Why doesn’t anyone talk about iodine anymore?
There’s a reason why iodine is added to table salt… Though these days people are reaching for less table salt and more fancy salt (pink Himalayan salt, sea salt, etc.). As a result, that iodine supplement you never think about is often missing from your contemporary diet.
Iodine is a mineral that’s essential for brain function, especially during infancy, but lack of iodine can have other negative impacts on your health. In particular, iodine deficiency has historically led to goiter, a swelling in the neck resulting from an enlarged thyroid gland. If you’ve ever worried about your thyroid, iodine deficiency might be to blame.
Sources of Iodine
The problem is that the top sources of iodine in the modern diet are all fake! Iodine is added to table salt, and all sorts of grains and dairy products, but it’s artificially added to these foods. Why? Because we need iodine but it’s hard to get it.

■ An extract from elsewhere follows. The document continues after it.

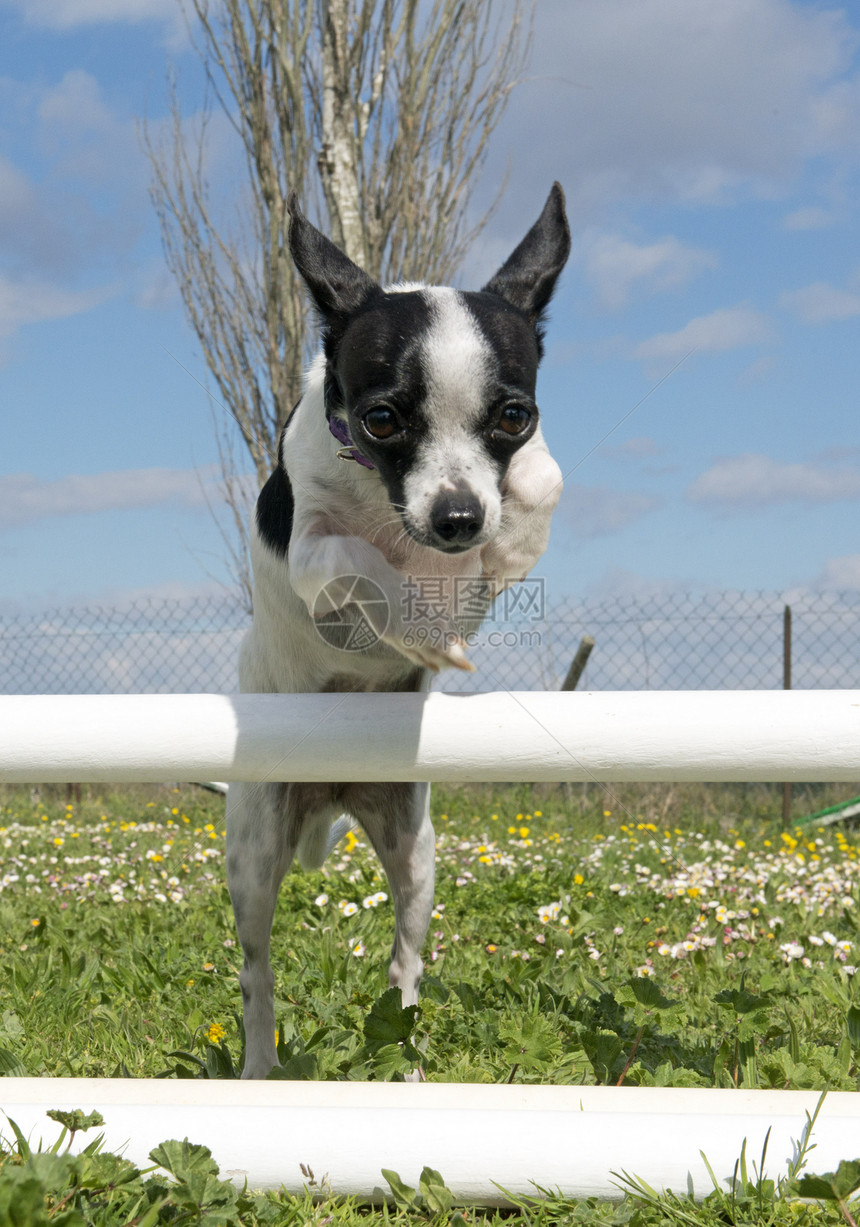 跳跃的吉娃娃动物运动训练伴侣活动黑色竞赛犬类宠物白色图片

And consider this: if you aren’t eating enough table salt, dairy products (hello vegan), or fortified grains (hello paleo and gluten-free), then you’re probably not getting enough iodine.

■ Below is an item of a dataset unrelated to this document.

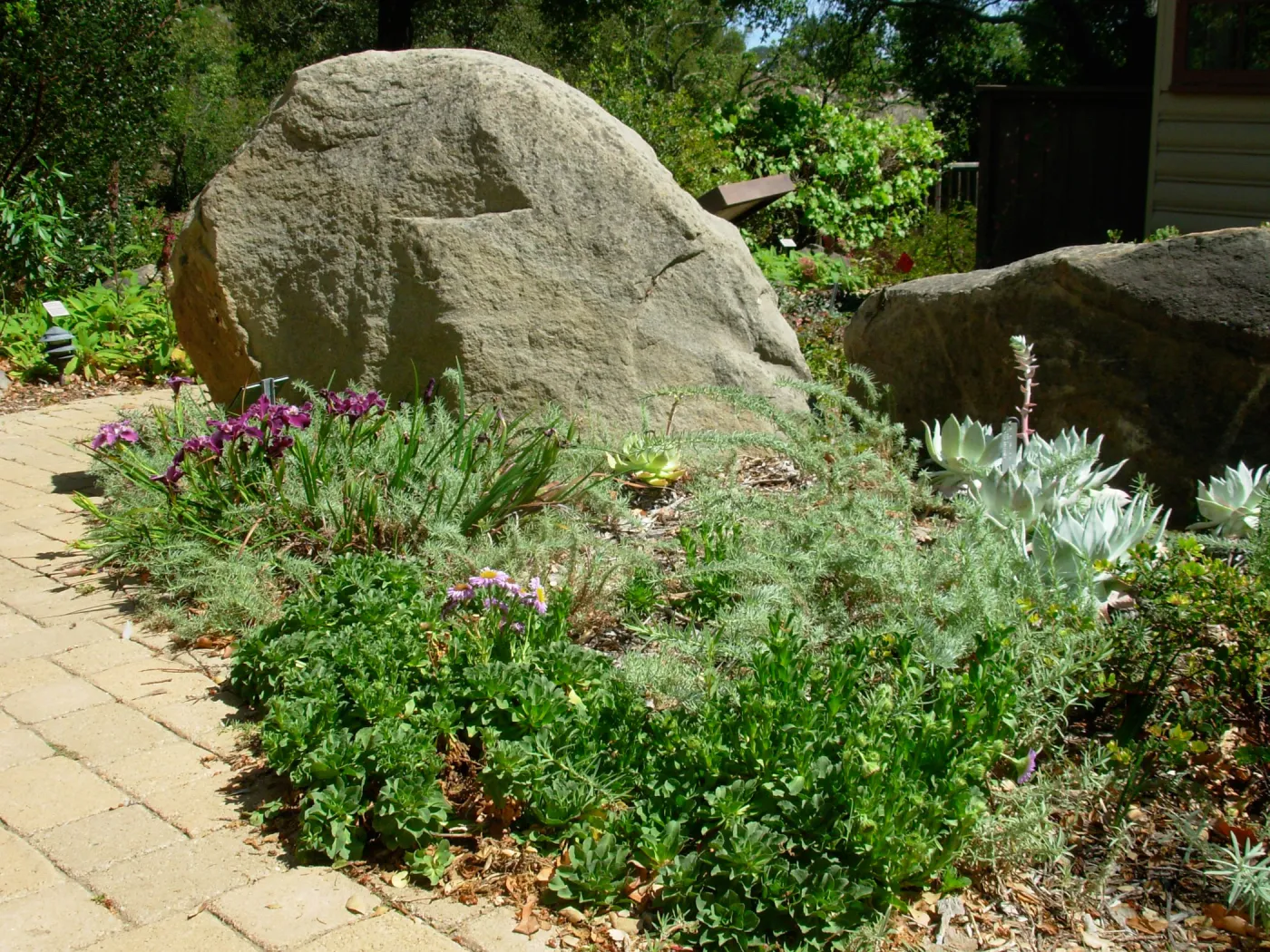 Home Demonstration Garden, SBBG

The best natural sources of iodine are in fish, seaweed, and other marine foods. Kelp noodles, seawood salad, and even the nori you eat with your sushi are all a good start. But you need to eat these foods regularly. Eating pastured egg yolks is also a non-vegan option.
Personally, I don’t like to leave it to the inconsistent consumption of seaweed and marine foods that I have in my diet so I add a couple of iodine drops to my smoothie every day. You can get the drops at your health food store. You don’t need much, just a couple of drops a day, but it’s good insurance against an iodine gap in your diet.